ImagemMas, vamos ao livro. “A obscena senhora D” foi lançado em 1982 (antes de trilogia).  A obra conta a história de Hillé, uma senhora na casa dos sessenta anos que, após a morte do marido (Ehud) enlouqueceu completamente e passou a morar no vão da escada. A narrativa compõe-se justamente do seu fluxo de consciência, é escrito em primeira pessoa e não possui uma sequência lógica. Quanto mais se distancia do mundo externo, mais Hillé enlouquece. A velha senhora passa a se questionar sobre diversas coisas, pergunta-se sobre o passado, sobre a vida, sobre o amor, a dor e a morte.

O mais interessante é que Hillé não é a única narradora, ao longo do livro, outras “vozes” aparecem e dialogam com ela. E Hilst é simplesmente brilhante no que faz, afinal, o leitor consegue diferenciar os personagens facilmente. Às vezes ela conversa com Ehud, às vezes com os vizinhos (em um momento, por exemplo, ma vizinha pede que Hillé pare de aparecer nua na janela e pare de assustar as criancinhas). Quanto mais se distancia do mundo externo, mais Hillé enlouquece.

Mas, por quê senhora D? Logo no inicinho do livro ela explica o apelido que recebeu do marido: “D de derrelição, desamparo, abandono”. Assim, ela possui uma dupla personalidade, é Hillé e Senhora D ao mesmo tempo. Diversas vezes Hillé é chamada de porca pelos vizinhos e quem tenta ajudá-la recebe palavrões e xingamentos (em um momento do livro, tentam exorcizá-la!).

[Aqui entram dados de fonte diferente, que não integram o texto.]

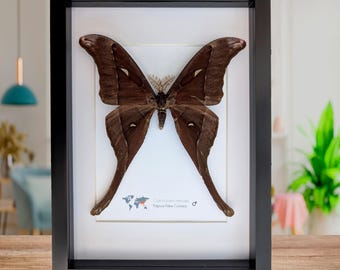 Framed hercules moth: coscinocera hercules, papua new guinea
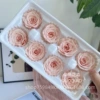 4-5CM box of champagne powder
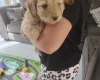 Cavapoo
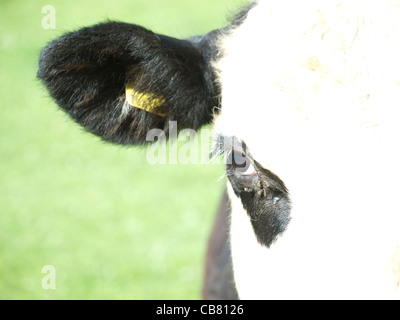 ear eye am tear and all. Stock Photo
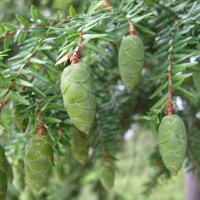 Hemlock-Tanne 150-175cm Solitär mit Ballen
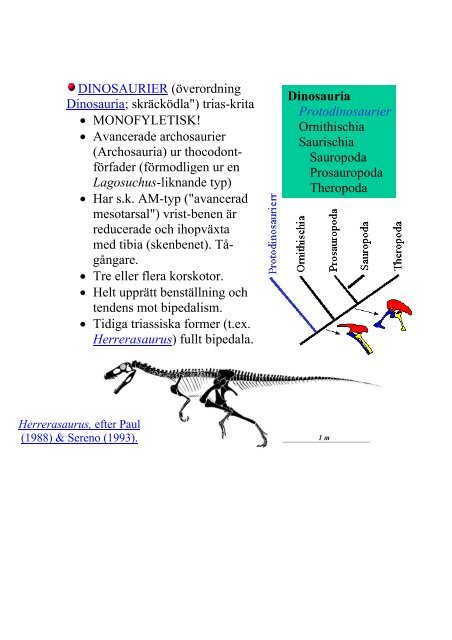 FÃ¶relÃ¤sning 8 Dinosaurier & fÃ¥glar Jura (210-145 Ma) â¢ Pangaea ...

Assim como na maioria dos seus outros livros, em “A obscena senhora D” Hilda Hilst traz questionamentos existencialistas, analisa a relação do homem com Deus e se pergunta sobre a morte. Segundo a tese de mestrado da Cinara Leite Guimarães, esse foi um dos livros de Hilst com tradução para o francês e também é considerado um dos textos mais importantes e complexos produzidos pela autora. A autora também afirma que Hilda possuiu um grande envolvimento com o livro e com o personagem. Seu pai era escritor, não deixou uma obra marcante e acabou os seus dias em um hospício (em parte, Hilda se inspirou nele).

Referências: A obscena senhora D, de Hilda Hislt, e as relações entre Eros, Tânatos e Logos, Cinara Leite Guimarães, Universidade Federal da Paraíba, 2007.